- Founded: 14 November 1945
- Ideology: Liberalism Radicalism Republicanism Anti-Peronism Anti-Nazism Socialism Communism
- Political position: Big tent
- Colours: Red

= Democratic Union (Argentina) =

The Democratic Union (Unión Democrática; UD) was an electoral alliance formed in 1945 in Argentina between the Radical Civic Union, the Socialist Party, the Communist Party and the Democratic Progressive Party, to oppose the presidential ticket of Juan Domingo Perón and Hortensio Quijano at the 1946 general election.

The Radical Civic Union (UCR), at the time under control of the Alvearista faction, held the final say in the coalition. The coalition's candidates for president and vice president, respectively José Tamborini and Enrique Mosca, were UCR members. This left out the yrigoyenista section of the UCR, which was divided between supporters of Perón (Unión Cívica Radical Junta Renovadora) and the internal opposition within the Union, the "Movimiento de Intransigencia y Renovación" led by Ricardo Balbín and Arturo Frondizi.
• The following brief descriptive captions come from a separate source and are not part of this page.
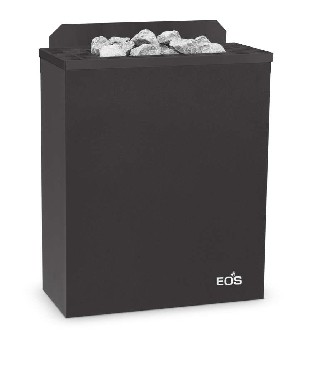 EOS Gracil W 7,5kW černé saunová kamna - nástěnná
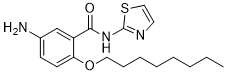Benzamide,5-amino-2-(octyloxy)-N-(2-thiazolyl)-图片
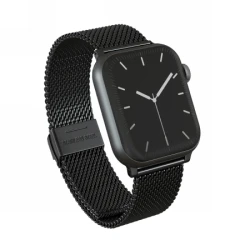 BURGA Metal Mesh Elegance - bransoleta do Apple Watch 38/40 mm (black)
The UCR also excluded from the alliance their old adversaries, the conservatives, which had been grouped under the banner of the National Democratic Party. This exclusion signified a coup de grace for the PDN, which soon disappeared, thus giving no conservative party a chance in elections for many decades.

The defeat of the UD alliance at the 24 February election caused the dissolution of it and compelled the participating parties to modify their strategies.